How Image-Boosters Helped Narendra Modi and Shaped Poll-Time Messaging

The Wire 1 week ago

In the early years after the Independence, election posters were rare and handwritten on white paper or old newspapers. In our area, single-colour printed posters, petromax and loud speakers began appearing much after the first general election in 1952.

As a school boy, this writer used to walk miles to attend such rallies just for the glamour. Multi-colour litho-printed posters made in Sivakashi began appearing in Kerala some time around 1955. In 1982, when a poster with S. Bangarappa's picture appeared on Delhi walls, the Congress leadership asked him to pull it down. Those days, Congress posters had party symbols and Indira Gandhi's picture. Not any other leaders'.

 After Gandhi romped back to power, at some time around 1982, the Congress began distributing centralised posters in Hindi and English. Once the parliamentary board decided on ticket, the incumbent goes to an MP's Bungalow on Krishna Menon Marg and collect half of the allotted election fund and make arrangement to sent posters and other campaign materials to the constituency.

The centralised poster distribution was discontinued soon after. A little after the mid-80s, elections became more colourful and noisy. Cassettes and CDs blared out noisy songs and skits, most of them parodies of popular Bollywood songs. Vehicles fitted with loudspeakers went round the crowded streets.

The modernisation of the election was first initiated by what we derisively called Rajiv Gandhi's backroom boys. They had hired Rediffusion to design Congress election posters and handouts and media advertisements. Before this, all such work was done by office staff at Congress office on Jantar Mantar Road.

Ironically, those who had initially looked down on Rajiv Gandhi's wiz kids of 1984 were the first to adopt the modern technology for election campaign. A few years after the 'computer boys' - another term for the Rajiv aides - experiments, BJP as well as Congress competed in the use of campaign cassettes and CDs during the elections.

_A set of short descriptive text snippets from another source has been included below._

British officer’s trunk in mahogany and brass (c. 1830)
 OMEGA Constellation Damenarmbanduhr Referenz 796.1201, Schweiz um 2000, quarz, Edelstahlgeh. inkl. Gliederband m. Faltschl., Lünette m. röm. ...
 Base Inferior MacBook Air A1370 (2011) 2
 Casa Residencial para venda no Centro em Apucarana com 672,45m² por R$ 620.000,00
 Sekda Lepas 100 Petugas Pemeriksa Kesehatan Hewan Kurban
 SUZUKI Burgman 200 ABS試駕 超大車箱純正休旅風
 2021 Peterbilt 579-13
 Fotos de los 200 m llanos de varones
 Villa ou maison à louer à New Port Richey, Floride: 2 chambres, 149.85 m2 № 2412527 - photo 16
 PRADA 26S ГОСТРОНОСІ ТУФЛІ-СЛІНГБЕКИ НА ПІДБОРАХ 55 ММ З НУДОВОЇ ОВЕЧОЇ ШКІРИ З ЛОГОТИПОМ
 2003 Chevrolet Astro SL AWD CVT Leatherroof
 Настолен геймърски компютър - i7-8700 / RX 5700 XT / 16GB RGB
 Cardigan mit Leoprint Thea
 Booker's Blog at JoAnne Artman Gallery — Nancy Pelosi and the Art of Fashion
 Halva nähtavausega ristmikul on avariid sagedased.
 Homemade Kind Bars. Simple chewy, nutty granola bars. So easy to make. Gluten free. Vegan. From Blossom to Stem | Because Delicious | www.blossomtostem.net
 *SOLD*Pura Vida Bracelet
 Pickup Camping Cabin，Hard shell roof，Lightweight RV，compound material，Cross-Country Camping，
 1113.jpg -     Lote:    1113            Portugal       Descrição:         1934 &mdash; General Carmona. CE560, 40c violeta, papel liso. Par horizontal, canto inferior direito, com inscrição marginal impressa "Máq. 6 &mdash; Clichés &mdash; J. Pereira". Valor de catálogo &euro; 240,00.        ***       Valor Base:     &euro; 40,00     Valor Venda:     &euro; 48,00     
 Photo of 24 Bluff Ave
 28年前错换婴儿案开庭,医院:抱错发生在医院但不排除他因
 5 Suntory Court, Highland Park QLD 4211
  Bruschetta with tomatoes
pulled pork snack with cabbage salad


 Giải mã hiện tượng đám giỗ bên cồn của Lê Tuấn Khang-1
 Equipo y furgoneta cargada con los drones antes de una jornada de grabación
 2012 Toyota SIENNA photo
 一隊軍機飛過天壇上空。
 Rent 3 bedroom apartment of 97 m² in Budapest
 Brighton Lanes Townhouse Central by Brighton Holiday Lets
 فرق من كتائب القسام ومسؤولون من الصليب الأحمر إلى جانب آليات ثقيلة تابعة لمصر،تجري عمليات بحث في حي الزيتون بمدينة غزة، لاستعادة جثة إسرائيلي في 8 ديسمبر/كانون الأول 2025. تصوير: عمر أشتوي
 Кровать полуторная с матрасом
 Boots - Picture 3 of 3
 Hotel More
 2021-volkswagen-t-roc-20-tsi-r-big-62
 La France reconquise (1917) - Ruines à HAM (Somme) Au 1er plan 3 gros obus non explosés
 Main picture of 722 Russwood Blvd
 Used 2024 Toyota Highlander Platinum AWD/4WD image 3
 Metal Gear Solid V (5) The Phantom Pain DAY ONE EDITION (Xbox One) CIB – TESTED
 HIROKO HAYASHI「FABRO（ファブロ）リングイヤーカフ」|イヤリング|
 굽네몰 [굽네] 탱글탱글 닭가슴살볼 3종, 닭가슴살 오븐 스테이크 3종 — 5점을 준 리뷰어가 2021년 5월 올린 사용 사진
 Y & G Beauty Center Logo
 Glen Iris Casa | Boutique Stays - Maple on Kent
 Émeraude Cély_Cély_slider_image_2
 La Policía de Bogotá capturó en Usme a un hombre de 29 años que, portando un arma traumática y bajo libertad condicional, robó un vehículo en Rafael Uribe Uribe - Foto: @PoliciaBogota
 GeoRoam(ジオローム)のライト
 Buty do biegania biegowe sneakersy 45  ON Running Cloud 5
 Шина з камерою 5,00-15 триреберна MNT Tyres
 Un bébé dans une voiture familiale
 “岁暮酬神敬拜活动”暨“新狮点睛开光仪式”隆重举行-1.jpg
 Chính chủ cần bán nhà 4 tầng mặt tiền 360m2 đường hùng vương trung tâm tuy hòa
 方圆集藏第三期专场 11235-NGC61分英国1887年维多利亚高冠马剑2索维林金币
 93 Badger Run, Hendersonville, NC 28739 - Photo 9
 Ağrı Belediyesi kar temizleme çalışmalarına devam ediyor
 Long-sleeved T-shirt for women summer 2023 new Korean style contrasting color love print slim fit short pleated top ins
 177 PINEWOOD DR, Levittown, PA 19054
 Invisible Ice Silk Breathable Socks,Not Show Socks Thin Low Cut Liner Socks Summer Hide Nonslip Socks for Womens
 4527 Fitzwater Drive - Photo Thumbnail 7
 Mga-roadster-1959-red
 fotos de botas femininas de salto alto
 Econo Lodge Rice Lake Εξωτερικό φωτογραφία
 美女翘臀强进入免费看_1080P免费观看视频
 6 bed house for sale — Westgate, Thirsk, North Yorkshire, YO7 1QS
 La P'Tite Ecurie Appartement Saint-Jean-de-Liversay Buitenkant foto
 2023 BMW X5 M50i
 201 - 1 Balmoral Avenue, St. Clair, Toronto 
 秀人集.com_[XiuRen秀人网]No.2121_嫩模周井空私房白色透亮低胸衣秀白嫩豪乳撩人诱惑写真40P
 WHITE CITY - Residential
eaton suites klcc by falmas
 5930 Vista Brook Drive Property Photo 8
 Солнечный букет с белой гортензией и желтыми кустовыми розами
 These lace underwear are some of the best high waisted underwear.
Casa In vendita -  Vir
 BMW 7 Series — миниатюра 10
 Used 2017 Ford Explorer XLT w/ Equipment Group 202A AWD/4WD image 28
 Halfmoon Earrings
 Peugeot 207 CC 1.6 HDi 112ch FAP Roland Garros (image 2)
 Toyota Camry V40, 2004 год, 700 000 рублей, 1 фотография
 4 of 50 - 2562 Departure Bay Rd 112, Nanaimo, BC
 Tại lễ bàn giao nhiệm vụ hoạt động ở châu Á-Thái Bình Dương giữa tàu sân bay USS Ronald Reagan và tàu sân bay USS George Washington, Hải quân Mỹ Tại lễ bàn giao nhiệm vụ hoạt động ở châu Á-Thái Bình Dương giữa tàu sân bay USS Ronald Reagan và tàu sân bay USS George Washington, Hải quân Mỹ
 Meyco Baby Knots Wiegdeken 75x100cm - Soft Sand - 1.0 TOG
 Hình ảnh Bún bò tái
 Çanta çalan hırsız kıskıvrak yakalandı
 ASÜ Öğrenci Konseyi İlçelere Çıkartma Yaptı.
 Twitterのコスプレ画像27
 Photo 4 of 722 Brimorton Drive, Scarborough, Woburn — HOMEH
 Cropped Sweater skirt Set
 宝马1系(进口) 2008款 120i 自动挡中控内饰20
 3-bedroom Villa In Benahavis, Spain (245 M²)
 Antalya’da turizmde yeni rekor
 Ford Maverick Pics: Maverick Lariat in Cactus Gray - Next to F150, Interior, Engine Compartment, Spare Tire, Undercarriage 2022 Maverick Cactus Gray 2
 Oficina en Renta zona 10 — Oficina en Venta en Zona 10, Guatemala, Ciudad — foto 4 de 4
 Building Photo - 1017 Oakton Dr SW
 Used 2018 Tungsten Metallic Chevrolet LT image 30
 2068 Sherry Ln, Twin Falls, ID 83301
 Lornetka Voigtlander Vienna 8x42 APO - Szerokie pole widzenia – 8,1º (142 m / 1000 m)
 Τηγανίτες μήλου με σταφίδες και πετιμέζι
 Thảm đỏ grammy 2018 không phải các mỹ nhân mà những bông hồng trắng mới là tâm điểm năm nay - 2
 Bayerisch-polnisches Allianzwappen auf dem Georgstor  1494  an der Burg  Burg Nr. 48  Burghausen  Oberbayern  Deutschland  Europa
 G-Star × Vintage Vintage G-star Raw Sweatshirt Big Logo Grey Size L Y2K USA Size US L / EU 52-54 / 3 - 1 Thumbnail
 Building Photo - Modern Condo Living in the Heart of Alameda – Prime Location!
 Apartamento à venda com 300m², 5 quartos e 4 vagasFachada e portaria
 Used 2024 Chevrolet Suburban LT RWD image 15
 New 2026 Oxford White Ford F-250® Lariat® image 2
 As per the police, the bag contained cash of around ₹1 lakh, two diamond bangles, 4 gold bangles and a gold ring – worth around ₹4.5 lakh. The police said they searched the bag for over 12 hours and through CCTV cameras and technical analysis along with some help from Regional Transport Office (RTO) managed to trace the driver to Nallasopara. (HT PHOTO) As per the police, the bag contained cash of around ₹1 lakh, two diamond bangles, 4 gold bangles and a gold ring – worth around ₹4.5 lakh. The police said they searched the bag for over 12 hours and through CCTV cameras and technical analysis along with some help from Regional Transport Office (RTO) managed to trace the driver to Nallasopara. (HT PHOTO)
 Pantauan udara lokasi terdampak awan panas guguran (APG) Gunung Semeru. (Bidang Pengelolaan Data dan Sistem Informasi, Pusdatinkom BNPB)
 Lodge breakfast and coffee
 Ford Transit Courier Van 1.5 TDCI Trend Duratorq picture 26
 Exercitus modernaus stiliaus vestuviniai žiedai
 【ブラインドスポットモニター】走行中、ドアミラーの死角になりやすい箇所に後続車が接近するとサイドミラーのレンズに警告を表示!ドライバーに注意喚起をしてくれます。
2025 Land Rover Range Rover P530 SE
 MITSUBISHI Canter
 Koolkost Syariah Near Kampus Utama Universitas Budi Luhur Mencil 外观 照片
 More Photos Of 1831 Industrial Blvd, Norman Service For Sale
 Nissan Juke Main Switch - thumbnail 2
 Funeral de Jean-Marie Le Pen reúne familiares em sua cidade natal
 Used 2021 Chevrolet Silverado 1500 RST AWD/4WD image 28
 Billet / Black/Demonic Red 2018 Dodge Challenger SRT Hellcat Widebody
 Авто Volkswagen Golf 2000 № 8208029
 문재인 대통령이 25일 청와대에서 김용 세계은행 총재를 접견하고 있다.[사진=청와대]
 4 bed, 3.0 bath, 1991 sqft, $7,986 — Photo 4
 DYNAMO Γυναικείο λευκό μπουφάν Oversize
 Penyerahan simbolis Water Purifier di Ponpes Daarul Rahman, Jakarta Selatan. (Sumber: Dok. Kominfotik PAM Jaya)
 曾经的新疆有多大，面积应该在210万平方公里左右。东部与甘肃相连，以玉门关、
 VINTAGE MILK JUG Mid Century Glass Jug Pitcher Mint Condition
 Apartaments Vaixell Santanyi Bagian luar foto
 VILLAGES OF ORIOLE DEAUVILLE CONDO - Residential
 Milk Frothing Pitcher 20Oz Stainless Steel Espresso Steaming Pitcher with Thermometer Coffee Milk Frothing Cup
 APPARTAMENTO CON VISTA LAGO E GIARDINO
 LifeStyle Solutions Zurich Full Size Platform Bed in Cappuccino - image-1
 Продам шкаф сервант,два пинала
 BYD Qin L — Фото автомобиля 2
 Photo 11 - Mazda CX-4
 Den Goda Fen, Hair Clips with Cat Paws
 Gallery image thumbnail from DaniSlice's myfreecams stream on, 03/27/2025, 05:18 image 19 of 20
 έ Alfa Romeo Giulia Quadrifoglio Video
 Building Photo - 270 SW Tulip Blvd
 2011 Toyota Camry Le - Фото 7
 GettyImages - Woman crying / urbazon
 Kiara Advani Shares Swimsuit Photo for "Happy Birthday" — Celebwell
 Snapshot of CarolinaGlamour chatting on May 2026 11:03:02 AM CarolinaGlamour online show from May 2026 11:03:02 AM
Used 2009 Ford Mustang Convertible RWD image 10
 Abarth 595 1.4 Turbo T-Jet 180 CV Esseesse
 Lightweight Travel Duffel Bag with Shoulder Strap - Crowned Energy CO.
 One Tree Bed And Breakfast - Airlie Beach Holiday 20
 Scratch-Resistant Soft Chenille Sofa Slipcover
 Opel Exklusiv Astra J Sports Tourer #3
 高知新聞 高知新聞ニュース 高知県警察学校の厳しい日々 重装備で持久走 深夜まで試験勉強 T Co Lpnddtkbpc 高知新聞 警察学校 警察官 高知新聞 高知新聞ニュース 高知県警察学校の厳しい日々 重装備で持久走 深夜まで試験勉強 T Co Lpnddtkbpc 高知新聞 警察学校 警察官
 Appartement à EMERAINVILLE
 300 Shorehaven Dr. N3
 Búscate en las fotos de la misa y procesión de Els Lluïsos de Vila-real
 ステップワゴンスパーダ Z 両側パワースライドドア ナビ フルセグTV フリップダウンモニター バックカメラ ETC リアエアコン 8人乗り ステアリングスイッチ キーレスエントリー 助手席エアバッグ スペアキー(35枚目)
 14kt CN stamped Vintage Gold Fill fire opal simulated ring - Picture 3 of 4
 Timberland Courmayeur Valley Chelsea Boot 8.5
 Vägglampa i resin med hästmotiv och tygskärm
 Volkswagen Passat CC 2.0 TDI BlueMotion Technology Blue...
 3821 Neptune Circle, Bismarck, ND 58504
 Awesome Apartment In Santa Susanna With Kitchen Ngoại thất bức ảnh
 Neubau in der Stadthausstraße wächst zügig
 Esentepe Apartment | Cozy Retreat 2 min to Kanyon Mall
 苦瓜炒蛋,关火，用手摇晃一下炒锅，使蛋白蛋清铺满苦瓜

Songs, slogans and skits blared out from vehicles fitted with high decibel music system.

As media reporters, we have been witness to the sweeping transformation in the entire gamut of elections: from candidate selection, publicity, modernisation of electoral machinery, concept and conduct of the rallies, prediction of results and reporting by media. In the process, conducting elections became made exorbitantly expensive for the fund-starved opposition.

Consider candidate selection. Until early 1960s, it candidates were chosen at the state level and announced at district rallies. A copy of the list was sent to the Congress headquarters by post. As a college student, this writer had listened to former minister K. Karunakaran declaring the Congress candidates at a public meeting. He introduced each one of them to the audience.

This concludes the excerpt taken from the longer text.